Current PGR - Wellbeing

Wellbeing Resources

PhD study is a very difficult, stressful and often lonely endeavour in many ways by necessity, because if successful, at the end of your work you will be the world expert on your particular research topic. Because of these characteristics our work may sometimes cause us to be stressed, anxious, depressed or generally unhappy. The first thing you should realise is that you are not alone, these feelings are not just experienced by you, many people have these feelings and experience these situations (at some point in our careers - probably all of us). As a Department (and wider University) we realise that many people are confronting loneliness, pressure and are questioning their ability to complete their PhD.

You should realise that I (Simon) confronted stress when completing my PhD - I was working at a full time job and was also trying to complete the PhD at the same time - I was 'idea rich' but 'time poor' and because I was outside the Department I had no peer support (or at least I felt weird about attending social and peer support events).
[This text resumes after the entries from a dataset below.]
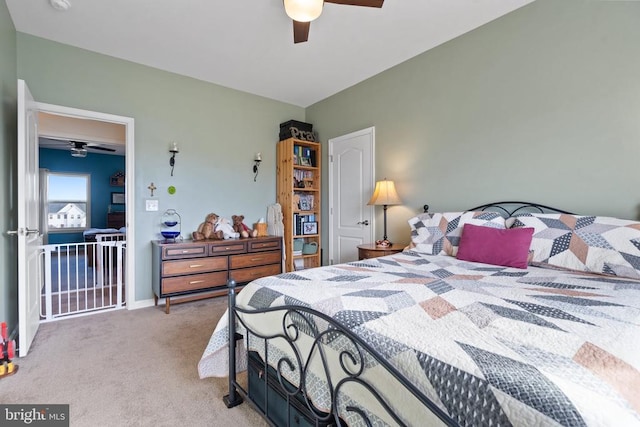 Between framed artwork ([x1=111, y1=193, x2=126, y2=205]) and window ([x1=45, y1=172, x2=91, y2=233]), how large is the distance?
0.51m

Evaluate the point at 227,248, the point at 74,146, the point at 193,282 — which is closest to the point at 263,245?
the point at 227,248

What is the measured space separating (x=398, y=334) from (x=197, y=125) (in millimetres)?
3750

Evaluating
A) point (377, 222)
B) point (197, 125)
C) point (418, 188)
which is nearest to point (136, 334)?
point (197, 125)

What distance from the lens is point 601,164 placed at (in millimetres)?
2150

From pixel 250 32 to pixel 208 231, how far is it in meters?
2.25

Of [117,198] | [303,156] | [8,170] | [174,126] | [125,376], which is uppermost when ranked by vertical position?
[174,126]

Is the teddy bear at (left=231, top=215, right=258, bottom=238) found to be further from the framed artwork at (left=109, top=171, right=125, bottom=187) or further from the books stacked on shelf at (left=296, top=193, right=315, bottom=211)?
the framed artwork at (left=109, top=171, right=125, bottom=187)

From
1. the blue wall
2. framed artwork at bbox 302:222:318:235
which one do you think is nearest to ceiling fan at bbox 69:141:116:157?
the blue wall

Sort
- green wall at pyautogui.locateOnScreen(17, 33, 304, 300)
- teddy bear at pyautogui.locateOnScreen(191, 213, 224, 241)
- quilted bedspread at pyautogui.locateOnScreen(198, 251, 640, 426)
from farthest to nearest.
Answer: teddy bear at pyautogui.locateOnScreen(191, 213, 224, 241), green wall at pyautogui.locateOnScreen(17, 33, 304, 300), quilted bedspread at pyautogui.locateOnScreen(198, 251, 640, 426)

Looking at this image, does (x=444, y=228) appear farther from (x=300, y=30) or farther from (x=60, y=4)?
(x=60, y=4)

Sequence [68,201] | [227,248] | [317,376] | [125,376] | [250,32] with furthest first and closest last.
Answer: [68,201] → [227,248] → [250,32] → [125,376] → [317,376]

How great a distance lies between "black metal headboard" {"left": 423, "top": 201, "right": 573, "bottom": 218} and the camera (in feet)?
7.86

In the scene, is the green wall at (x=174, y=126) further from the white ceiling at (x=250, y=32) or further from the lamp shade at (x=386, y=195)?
the lamp shade at (x=386, y=195)

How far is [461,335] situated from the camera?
0.94m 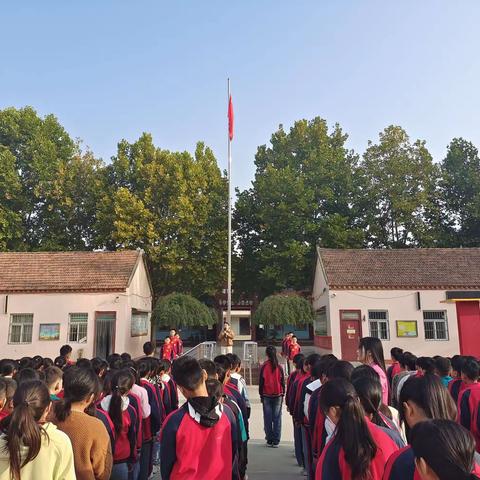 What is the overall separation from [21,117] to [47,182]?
4419 mm

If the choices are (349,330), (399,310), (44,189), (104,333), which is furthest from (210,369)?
(44,189)

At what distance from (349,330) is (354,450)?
18.2m

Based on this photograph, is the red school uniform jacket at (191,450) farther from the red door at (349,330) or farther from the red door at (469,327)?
the red door at (469,327)

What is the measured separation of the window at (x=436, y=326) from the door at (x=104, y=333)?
14027mm

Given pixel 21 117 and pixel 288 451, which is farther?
pixel 21 117

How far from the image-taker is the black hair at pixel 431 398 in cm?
247

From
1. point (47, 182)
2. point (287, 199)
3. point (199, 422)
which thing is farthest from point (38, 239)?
point (199, 422)

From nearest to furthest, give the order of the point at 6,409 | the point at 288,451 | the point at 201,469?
1. the point at 201,469
2. the point at 6,409
3. the point at 288,451

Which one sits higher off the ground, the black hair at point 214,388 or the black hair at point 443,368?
the black hair at point 214,388

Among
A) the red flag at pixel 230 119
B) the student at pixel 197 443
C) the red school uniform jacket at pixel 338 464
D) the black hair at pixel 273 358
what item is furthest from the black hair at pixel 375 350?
the red flag at pixel 230 119

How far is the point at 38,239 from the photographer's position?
89.6 ft

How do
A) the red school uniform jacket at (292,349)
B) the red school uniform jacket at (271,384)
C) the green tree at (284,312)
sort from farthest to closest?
the green tree at (284,312) < the red school uniform jacket at (292,349) < the red school uniform jacket at (271,384)

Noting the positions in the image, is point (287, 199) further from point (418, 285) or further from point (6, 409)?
point (6, 409)

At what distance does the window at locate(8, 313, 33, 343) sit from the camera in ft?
61.5
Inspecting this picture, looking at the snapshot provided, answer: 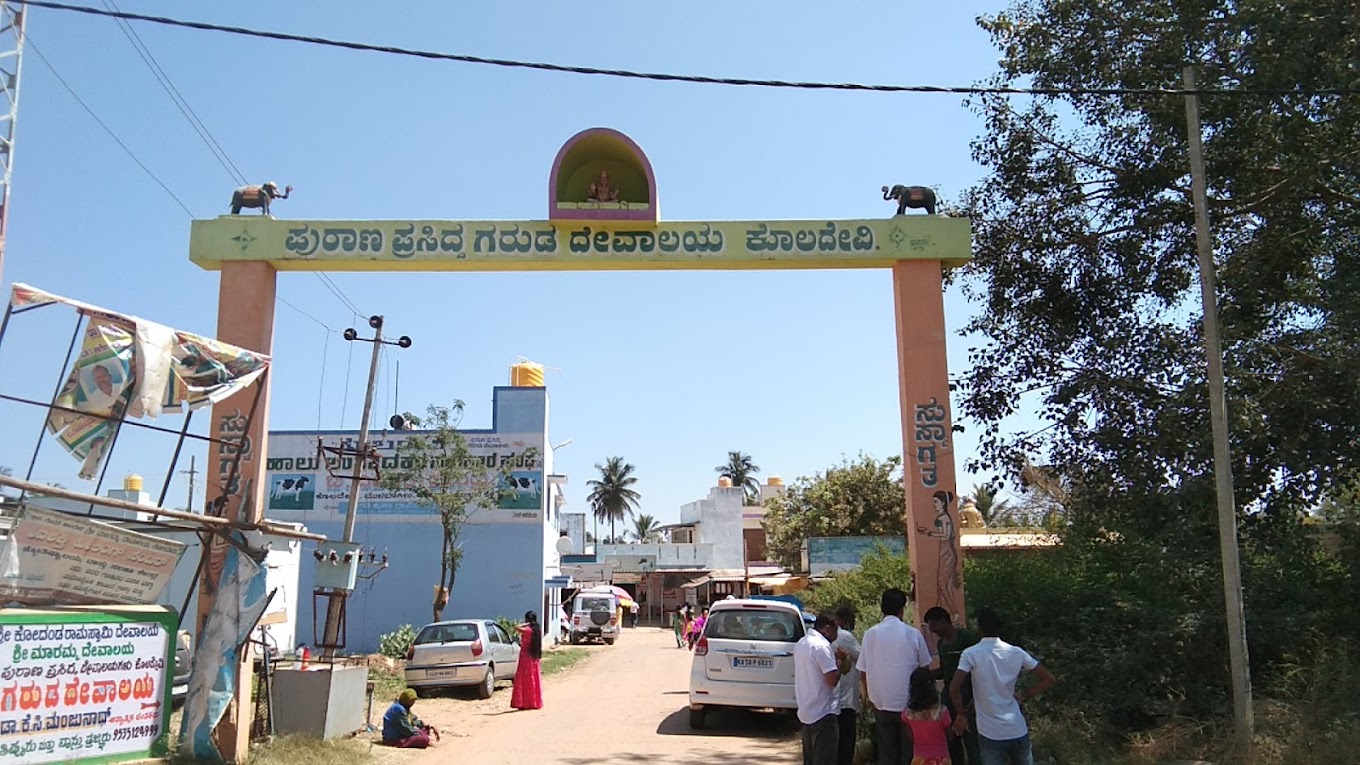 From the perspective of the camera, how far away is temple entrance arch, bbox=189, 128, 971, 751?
11344 mm

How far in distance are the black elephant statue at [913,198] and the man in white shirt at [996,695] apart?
19.4 ft

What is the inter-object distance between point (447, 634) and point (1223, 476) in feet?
44.6

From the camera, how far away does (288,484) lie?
3450cm

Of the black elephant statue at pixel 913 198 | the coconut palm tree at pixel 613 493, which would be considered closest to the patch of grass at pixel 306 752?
the black elephant statue at pixel 913 198

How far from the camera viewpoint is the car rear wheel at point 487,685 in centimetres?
1815

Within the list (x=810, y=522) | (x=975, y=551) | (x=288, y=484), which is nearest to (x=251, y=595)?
(x=975, y=551)

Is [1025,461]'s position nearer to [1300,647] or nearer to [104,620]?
[1300,647]

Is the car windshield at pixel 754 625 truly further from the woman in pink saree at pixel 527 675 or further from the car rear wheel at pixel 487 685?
the car rear wheel at pixel 487 685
It took me some time to realise that my PhD thesis was not the end point of the work, and that in some ways it was just an artificially imposed milestone. I was placing a lot of emphasis on writing a perfect Thesis and 'finishing' the work on time. I realised that the thesis would never be perfect and that the work in total could not be completed in 3-4 years. I decided to be pragmatic and do just enough work to get me an OK thesis. So you see, my PhD is not stellar, it is good enough to get me the PhD. I just continued the work after the thesis submission date by doing all the things I wanted to do in the four years after I'd submitted (in my own time). I published zero papers in my PhD but published 14 over those four years after I'd finished it. In my opinion you have to be pragmatic about these things - sometimes you are able to publish papers and write a really good thesis - sometimes you can't (personal circumstances, caring responsibilities, and the topic can all affect that). And I don't know of any Post Doctoral Researchers who are happy with their thesis five years after submitting it, not one. There will always be more to do and more work to undertake, that is what the rest of your life is for.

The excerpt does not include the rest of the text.